In a tweet, the regulator said, “CCI approves acquisition of 9.99% stake in Jio Platforms by Jaadhu Holdings LLC." According to a submission made to CCI, Jaadhu Holdings is an indirect, wholly owned subsidiary of Facebook.

“Jaadhu is a newly incorporated company formed in March 2020 under the laws of the State of Delaware, US...Jaadhu is not engaged in any business in India or anywhere in the world," it said.

In its application to CCI, Facebook said the deal does not alter the competitive landscape in any relevant market. Regulatory filings show Facebook and its unit, WhatsApp Inc., have proposed to set up a digital marketplace as part of the investment in Jio Platforms, which houses the digital assets of Reliance Industries Ltd.

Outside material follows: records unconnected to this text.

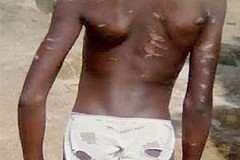 Un homme bat sa fille de ménage âgée de 10 ans et met le sel et le poivre dans ses plaies Un homme bat sa fille de ménage âgée de 10 ans et met le sel et le poivre dans ses plaies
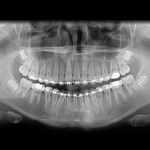 xrays of teeth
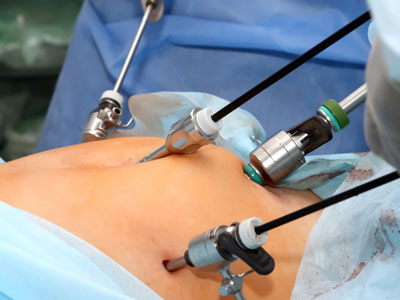 Hysterectomy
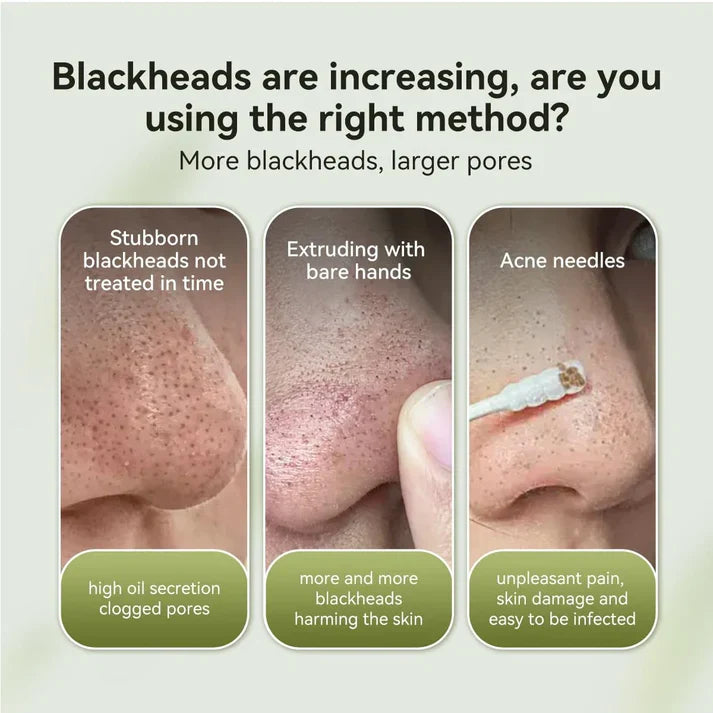 LANBENA 2.0 Blackhead Nose Plants Pore Strips(1.03 Oz), 60pcs Nose Strips for Bl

Reliance Jio Infocomm Ltd now commands 32% of India’s telecom market with 1.15 billion mobile connections. While reviewing the deal, CCI also considered whether new parameters should be included in its assessment criteria. Peculiarities such as “strong network effects, high returns to scale and access to huge amount of data may incentivize digital firms to engage in anti-competitive conduct," a Bloomberg report said last week, quoting CCI chairman Ashok Kumar Gupta, without referring to any particular case.

Facebook’s $5.7 billion investment is the biggest among a string of investments totalling $13.7 billion in the firm controlled by Mukesh Ambani. Approval of the deal will help Asia’s richest tycoon stick to his debt reduction plan and create a formidable homegrown digital force that can take on the likes of Amazon.com Inc. in India.

India, with its 1.3 billion population, is one of the world’s fastest growing online markets, where firms such as Amazon and Google are vying for dominance.